[RAW DATA Boundary: Start]

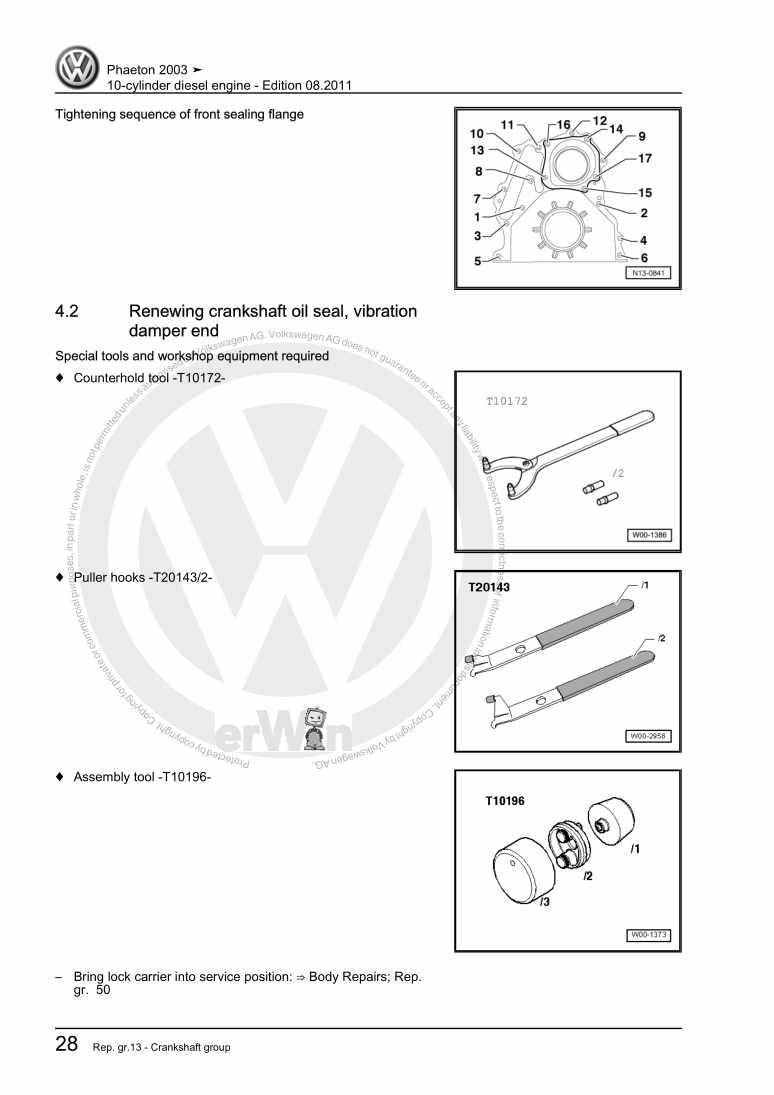 Examplepage for repair manual 3 10-cylinder diesel engine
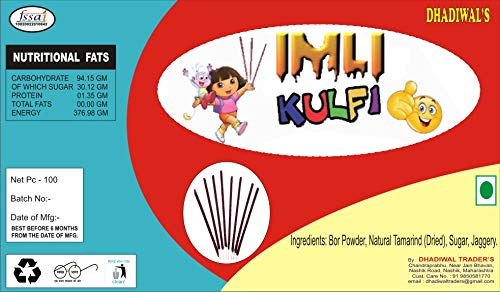 Tamarind KULFI (IMLI KULFI ) by DHADIWAL Pack of 100 Sticks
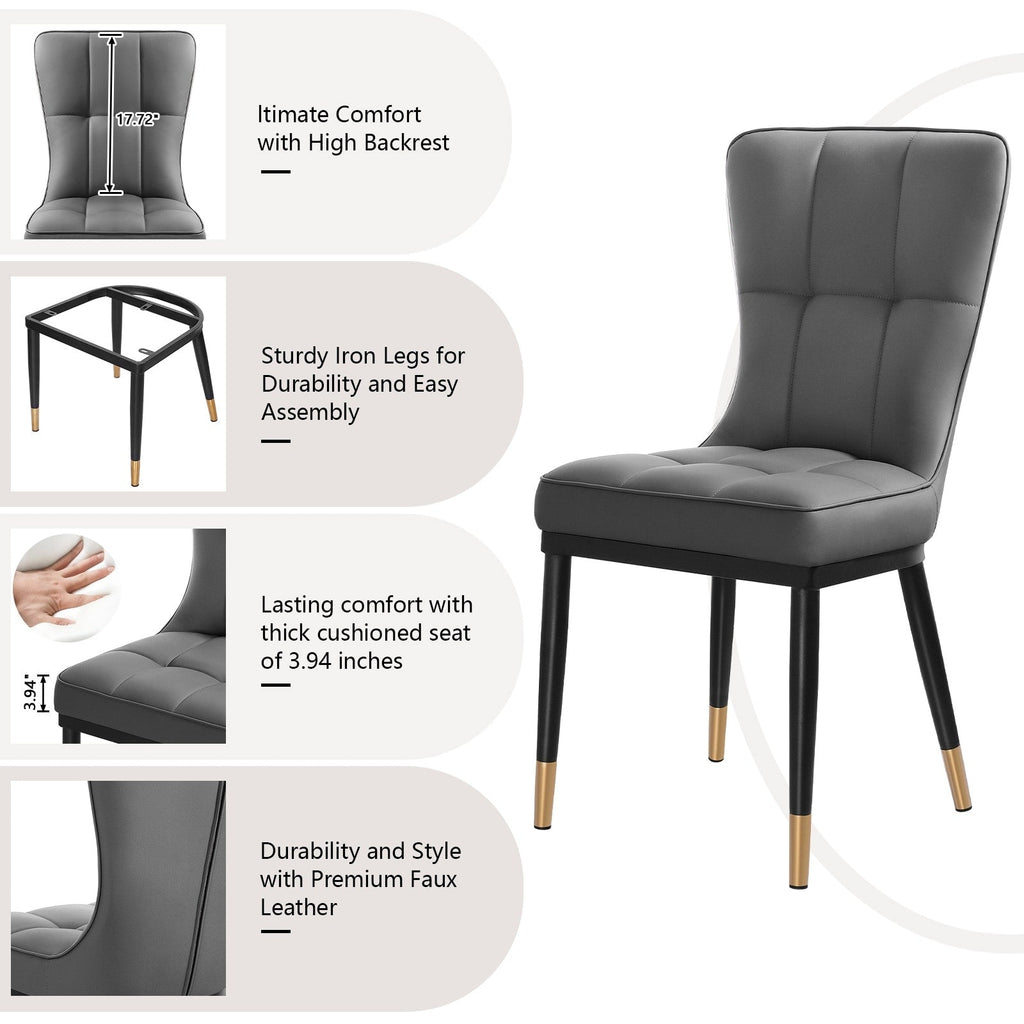 Lot de 2/4 chaises de salle à manger rembourrées en similicuir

[RAW DATA Boundary: End]

If a picture falls within the lines from the one containing "Tamarind KULFI (IMLI" through the end of the material, leave it out while repeating those lines exactly.

-- SOLUTION TO THE PROBLEM --
 Tamarind KULFI (IMLI KULFI ) by DHADIWAL Pack of 100 Sticks
 Lot de 2/4 chaises de salle à manger rembourrées en similicuir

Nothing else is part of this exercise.